__TASK GOAL__.
Starting at the line below that contains "Virtual tour photo" and ending at the line that contains "Dom na sprzedaż", retype each line exactly as it stands, but omit the pictures.

__SUPPLIED RECORDS__.

- - -

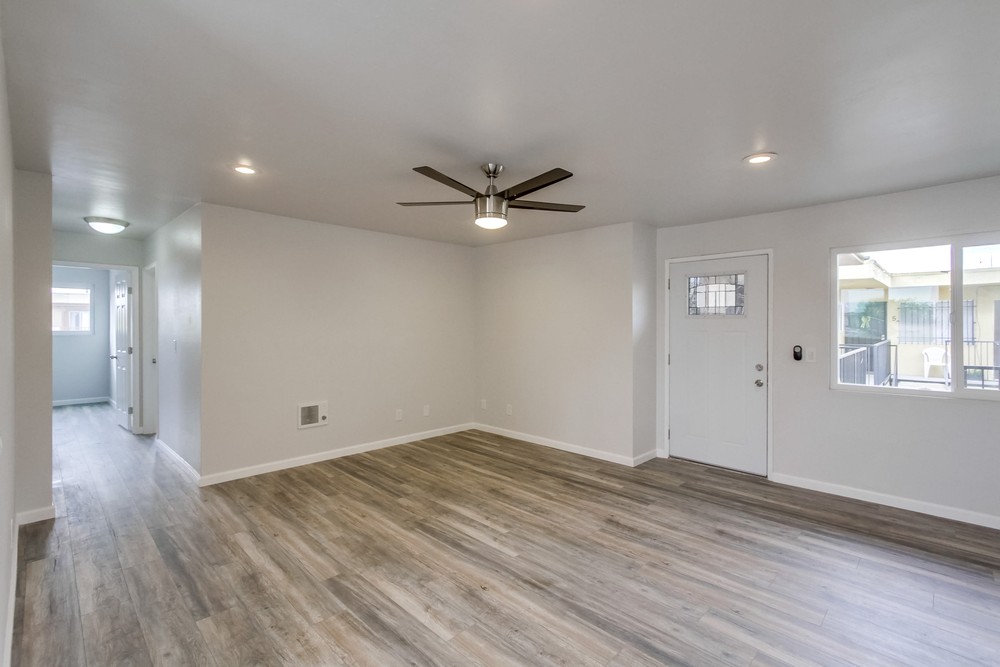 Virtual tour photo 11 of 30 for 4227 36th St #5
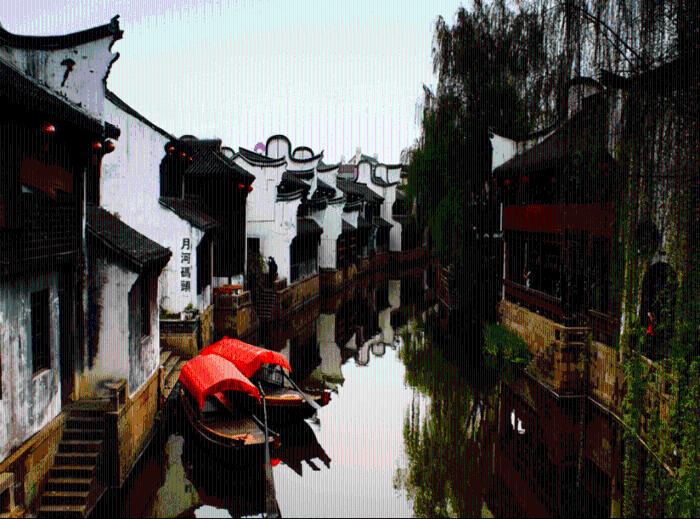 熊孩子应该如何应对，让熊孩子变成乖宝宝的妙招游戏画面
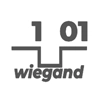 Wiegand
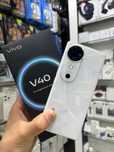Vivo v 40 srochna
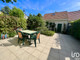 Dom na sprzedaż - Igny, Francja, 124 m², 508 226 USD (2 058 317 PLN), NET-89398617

- - -

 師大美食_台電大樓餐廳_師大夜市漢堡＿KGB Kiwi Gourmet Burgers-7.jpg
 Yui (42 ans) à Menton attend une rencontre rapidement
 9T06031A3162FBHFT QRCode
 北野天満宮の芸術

- - -

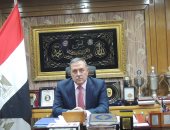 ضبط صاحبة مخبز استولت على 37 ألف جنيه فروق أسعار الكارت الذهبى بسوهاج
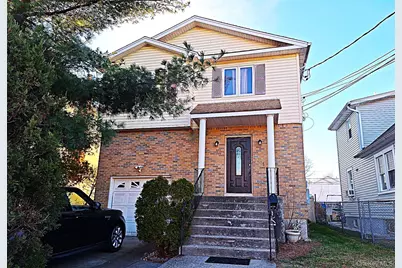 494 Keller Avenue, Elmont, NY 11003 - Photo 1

- - -

__ANSWER__.
 Virtual tour photo 11 of 30 for 4227 36th St #5
 熊孩子应该如何应对，让熊孩子变成乖宝宝的妙招游戏画面
 Wiegand
Vivo v 40 srochna
 Dom na sprzedaż - Igny, Francja, 124 m², 508 226 USD (2 058 317 PLN), NET-89398617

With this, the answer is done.